Re: Timings for optimised poll(2)

Rogier Wolff (R.E.Wolff@BitWizard.nl)
Sun, 24 Aug 1997 09:33:48 +0200 (MET DST)


Richard Gooch wrote:
> There are a few reasons why you would not use the find_first_zero_bit
> function in a real-world application:
>
> 1) it assumes you are using select(2) and fd_sets. This has the old
> problem of hard-wired limits on the fd_set size. Today the limit is
> 1024. Tomorrow somebody wants more, so you have to recompile your
> kernel. If you want to manage a large number of descriptors, you would
> use poll(2) instead

The kernel has hard limits on the number of FDs per process, so
increasing the limit requires a recompilation of the kernel.

If you want to be "portable" across different limits, use
fd = fopen ("/proc/kernel/file-max","r");
fscanf (fd,"%d", &file_max);
close (fd);

fd_set = malloc (file_max / 8);

to allocate your fd_sets.

> 2) every time poll(2) or select(2) returns, you may get dozens of
> descriptors which are ready. How do you solve this? Call
> find_first_zero_bit for each active descriptor (clearing as you go)?

No.
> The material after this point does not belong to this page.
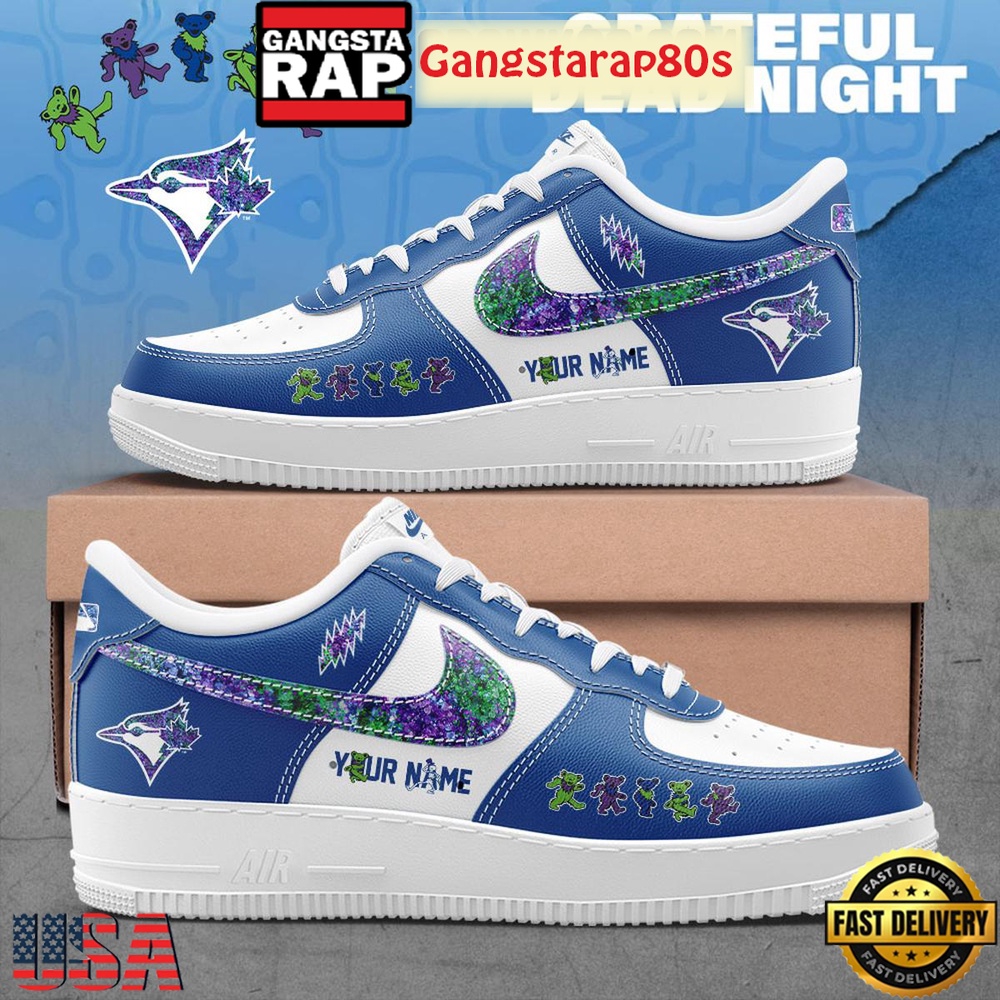 Toronto Blue Jays x Grateful Dead Night Custom Limited Edition Air Force 1 Sneakers Shoes Toronto Blue Jays x Grateful Dead Night Custom Limited Edition Air Force 1 Sneakers Shoes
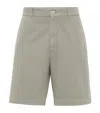 Brunello Cucinelli Cotton Gabardine Bermuda Shorts In Green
You use "find_next_zero_bit".

You have to rewrite the little assembly thingy anyway, because you want
to find the first_one_bit, which is left as an excercise to the reader.

> I've appended my latest version test programme. Compile with -O2. This
> contains a *realistic* scanning loop. It takes 1.5 milliseconds on a
> Pentium 100.

It takes 475 us on my pentium Pro. I can save 75 us (7 clocks/loop)
by not keeping a copy of the cbk_ptr uptodate. (cbk_ptr = cbk_array +
count; whenever you've found one). What actually happens is that gcc
recognizes it, and rewrites it again to keep an uptodate cbk_ptr. It
does this more efficiently than when you put the code there in the
first place.... Odd right?

I can save another 130 us by not keeping track of the "num_ready"
variable. If you expect several active fd's in one run, that is not
going to buy you anything anyway.

My previous program, and my modified version of yours both run around
the memory bandwidth of my computer. So storing 1 bit of information in
a 32 bit word is wasteful, and you can expect a 30 times performance
decrease if you do that...... As the pollfd structure is even three
times larger than that, because of cache issues, I'd actually expect
an even larger performance decrease..... Maybe that first_free_xx_bit
routine can still handle a little optimizing..... :-)

I think I saw you claim 1000 filedescriptors in 2.5 ms. It seems that
this was probably 10000. So My find_first_zero_bit hack is only 1e4
faster. Bummer. :-)

Regards,

Roger.